I've spent the weekend reading hundreds of #shortstories. This a quick thread on what I spotted and what *I* think stories that go through to the next round do well. Hugely subjective, of course but...
1. Know their purpose
Stories with a clear purpose from the outset really shine through from those which are well-written (around 99%). These pieces are stories, rather than extracts, outlines, descriptions or something else.
So first ask yourself is this a story?
2. Consistency in tone, voice, perspective and tense
This helps to keep the reader immersed in the world. Countless times, I noticed stories shifted in tone or tense which pulled me out of the world. Sometimes it was the use of a certain word/archaic language that didn't fit.
3. Contained/ In the moment
This is a biggie and one to watch. Many stories begin with a moment and then launch into back story which weighs the story down. Write it out and then ask yourself what purpose is it serving. Cut most of it if you can.
4. Start at the right point
This doesn't have to be the beginning but your story must start at a critical moment. Many of them started too early so think about cutting that first para where you've written yourself into the story.
5. Leave plenty of clues
Readers don't know the world you've created like you do so you need to leave plenty of clues so they understand. There were some where I had no idea what was going on and felt (sadly) a bit lost.

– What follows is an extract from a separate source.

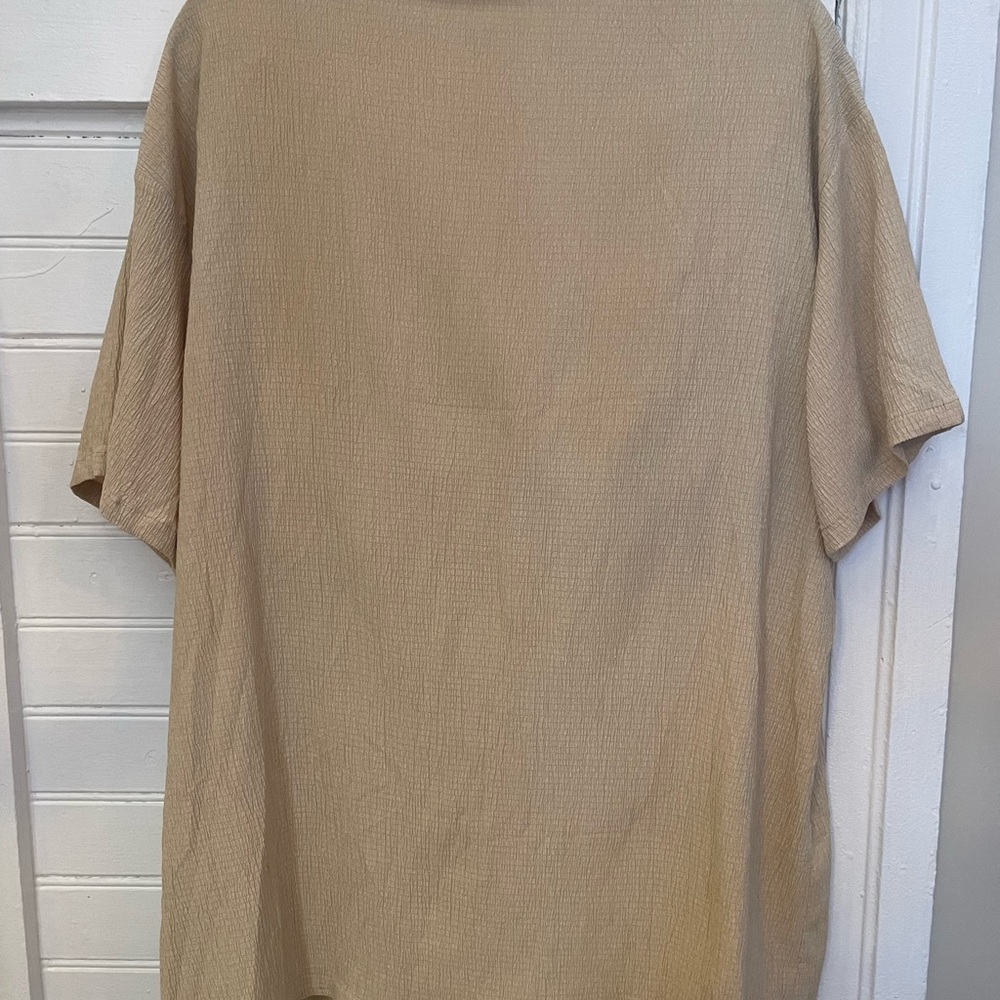 Womans Tan Short Sleeve Shirt and shorts - Picture 3 of 4
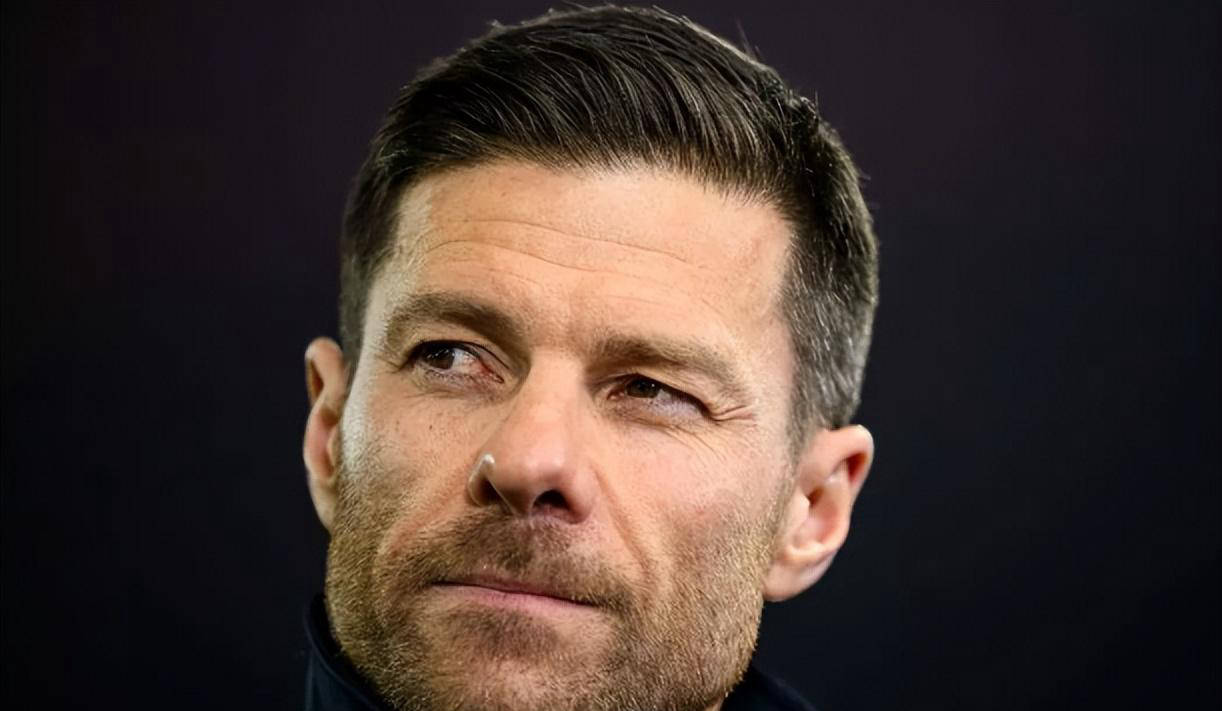 皇马主帅遭遇质疑,困境难以摆脱 皇马主帅遭遇质疑,困境难以摆脱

6. Considered shape and style
Another biggie. I love an experimental, playful story but if it lacks substance or is not really swrving a higher purpose than for me, it feels flat. The shape and style must work for the piece not purely to be different.
7. Precision
There's just not enough words in a short story to waffle on. The best among the pile used language carefully, with each word driving some aspect of the story forward. Technically a difficult thing to do!
8. Understood subtext
Getting dialogue right is tough but the stories that shone were where writers really understood how dialogue works, when to use it and why, and captured the natural rhythm of speech. Tip: we often say a lot using few words.
9. Polished
Eek. Obviously another biggie but this year I was particularly ruthless with missing words, spelling anf grammatical errors, odd typos, formatting issues. For a comp, check your work twice over and then check it again.
10. Originality with subject and title
I love a great title but more so, I love a story that is completely different to what I've just read. Hard to know what others are sending in but avoid the obvious. This year there was plenty on lockdown, betrayal, loss and ageing.